Peter Fragiskatos Liberal London North Centre, ON

Mr. Chair, is there still time?

9:20 a.m.

Liberal

The Chair Liberal Bob Nault

No, there isn't. Sorry, Mr. Fragiskatos.

9:20 a.m.

Liberal

Peter Fragiskatos Liberal London North Centre, ON

I'll follow up later then.

9:20 a.m.

Liberal

The Chair Liberal Bob Nault

Just to make everyone's day, the committee very much agrees with your comments. That's why the committee will be going to Vietnam, China, and Indonesia very soon, with the idea that Asia is a very important part of our market. You'll be happy to hear that.

I'll go to Madame Laverdière, please.

9:20 a.m.

NDP

Hélène Laverdière NDP Laurier—Sainte-Marie, QC

Thank you, Mr. Chair.

Mr. Dade, thank you for being with us again this morning. Your presence is always appreciated.

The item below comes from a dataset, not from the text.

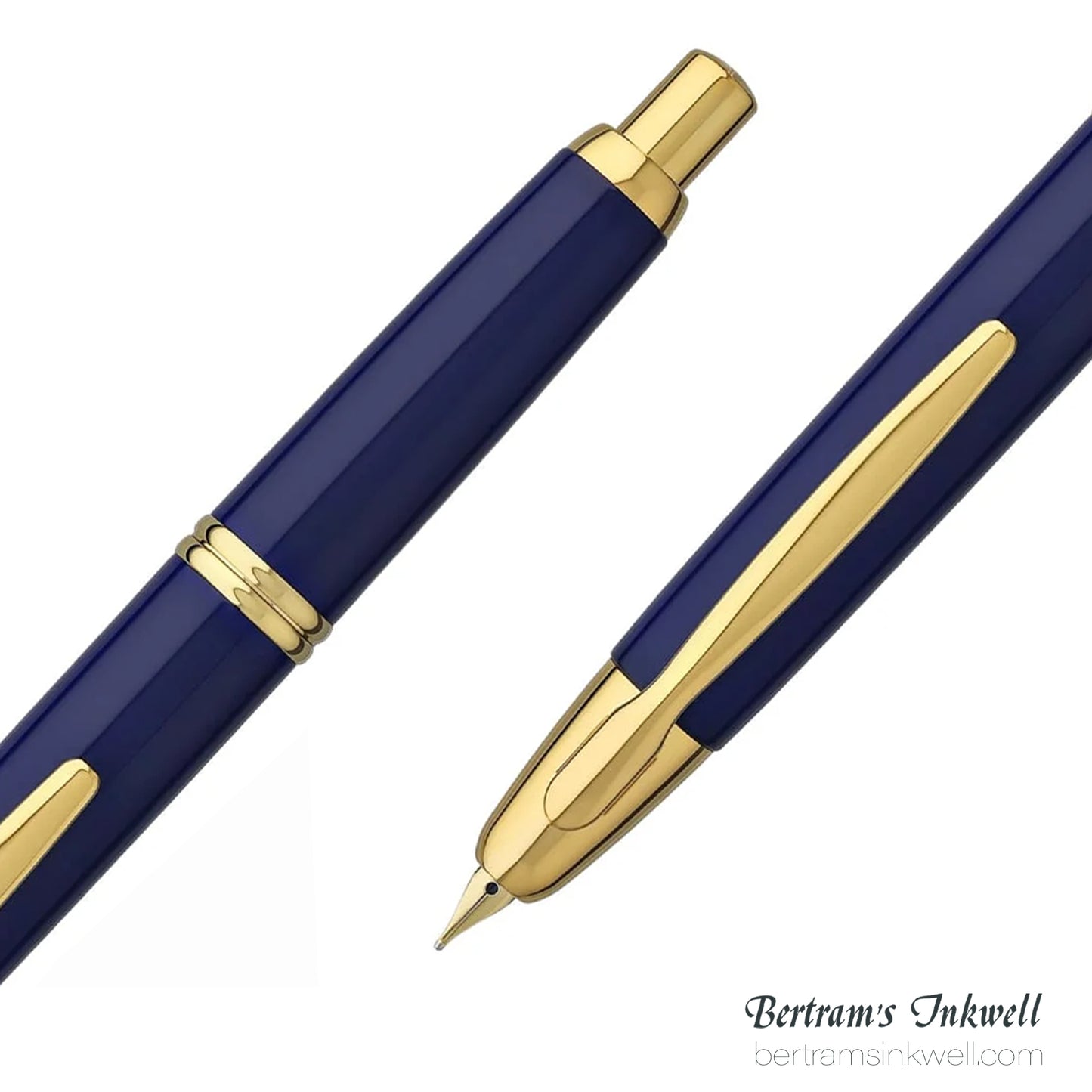 Pilot Vanishing Point Blue and Gold Accents Fountain Pen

I understand that the renegotiation of NAFTA will be a lengthy process, that it will take years, and that it will be complicated by mid-term elections, the elections in Mexico, and of course the general political situation in Washington, in view of everything that is happening there right now.

There is another potential factor that you did not mention. I would like to hear your thoughts on the BAT or border adjustment tax.